Other highlights included the mayor of Danville waving from a Mustang convertible, Elvis waving from an old Plymouth Fury, and a handful of Shriners driving not tiny motorcycles or cars, but miniature 18-wheelers. Cub Scouts threw Tootsie Rolls and girls in pink t-shirts threw pink bubble gum and fancy ladies twirling parasols threw kisses and it was all great fun.
A Civil War brass band, wearing (gasp!) the dark blue uniforms of the Union army marched solemnly past the marble statue of a Confederate soldier perched on a hill near the Presbyterian Church. The Rebels marching band from Boyle County High School followed close behind. And no, the irony was not lost on me.

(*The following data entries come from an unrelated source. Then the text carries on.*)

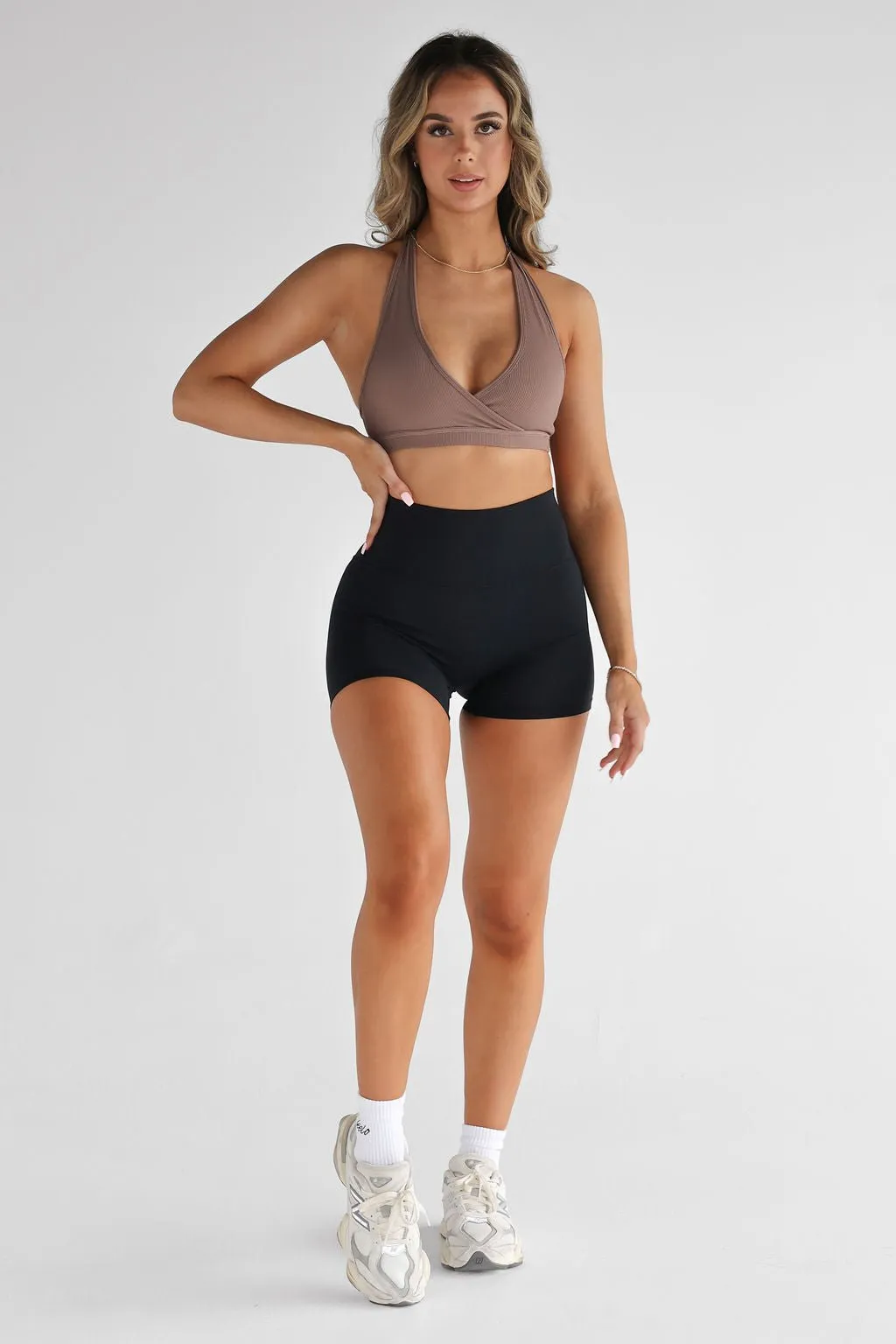 Ribbed Halter Neck Crop - Cappuccino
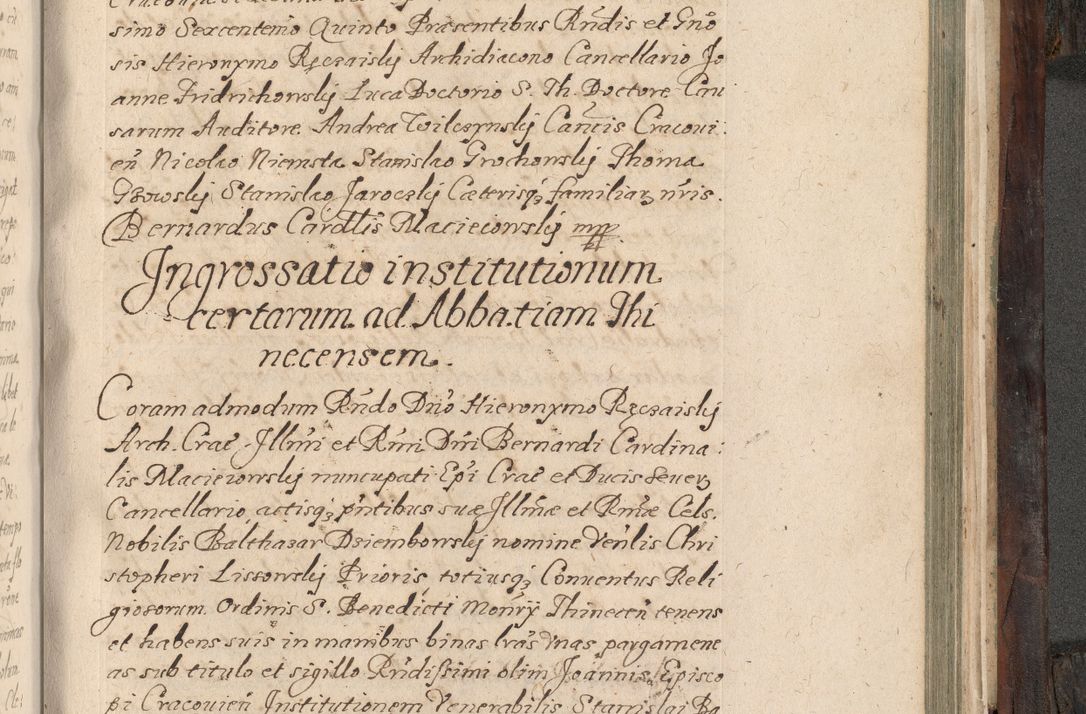 Zdjęcie nr 834 dla obiektu archiwalnego: Acta actorum, obligationum, inscriptionum, institutionum, erectionum, decretorum et generis eiusdem aliorum factorum et gestorum coram R. D. Bernardo Maciejowski, episcopo Cracoviensi per annnos 1603 - 1606 mensem Septembrem inclusive acticatorum.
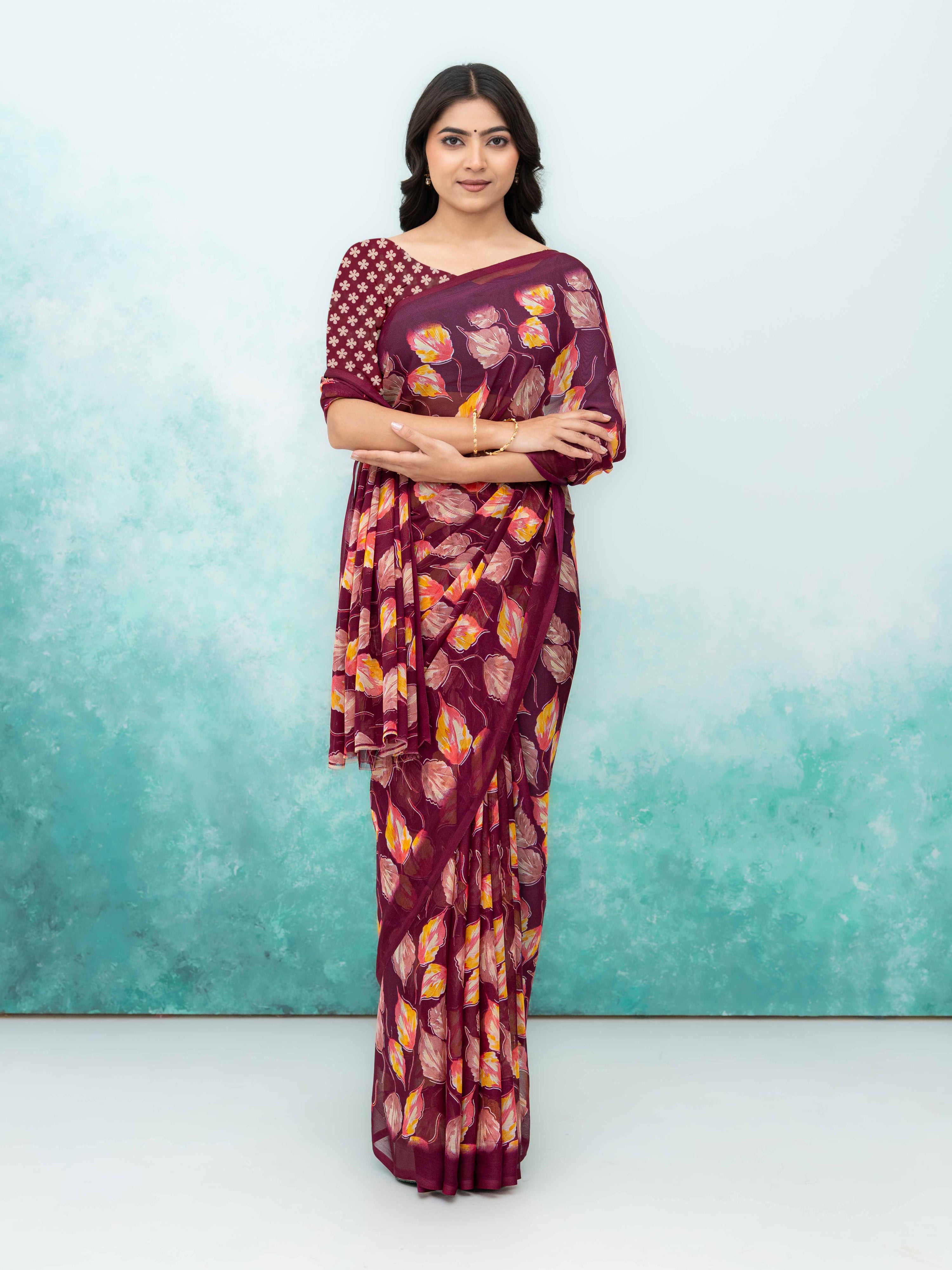 Purple Chiffon Saree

A boy who looked to be about seven years old stood near us. He was dressed in red, white and blue and tirelessly waved an American flag. Every time a parade participant sporting an American flag passed by, the boy shouted “Go, America!!!” Every single time.
The best thing about the parade was, of course, the brass bands. There were many, some from very far away and most with impressive credentials. The majority of those bands marched in perfect formation and in immaculate uniforms. One band had a tuba player who wore kilts. Another was made up of musicians dressed in crazy hats and mismatched madras. A small band rode in the bed of a pickup truck. Another in a horse-drawn wagon. My favorite was the band playing “When the Saints Go Marching In” from the deck of a pontoon boat.
As you might guess, I never pulled the just-in-case book out of my backpack. And the “this will be fun” smile on my face was entirely genuine. I might just have to change my opinion about small-town parades.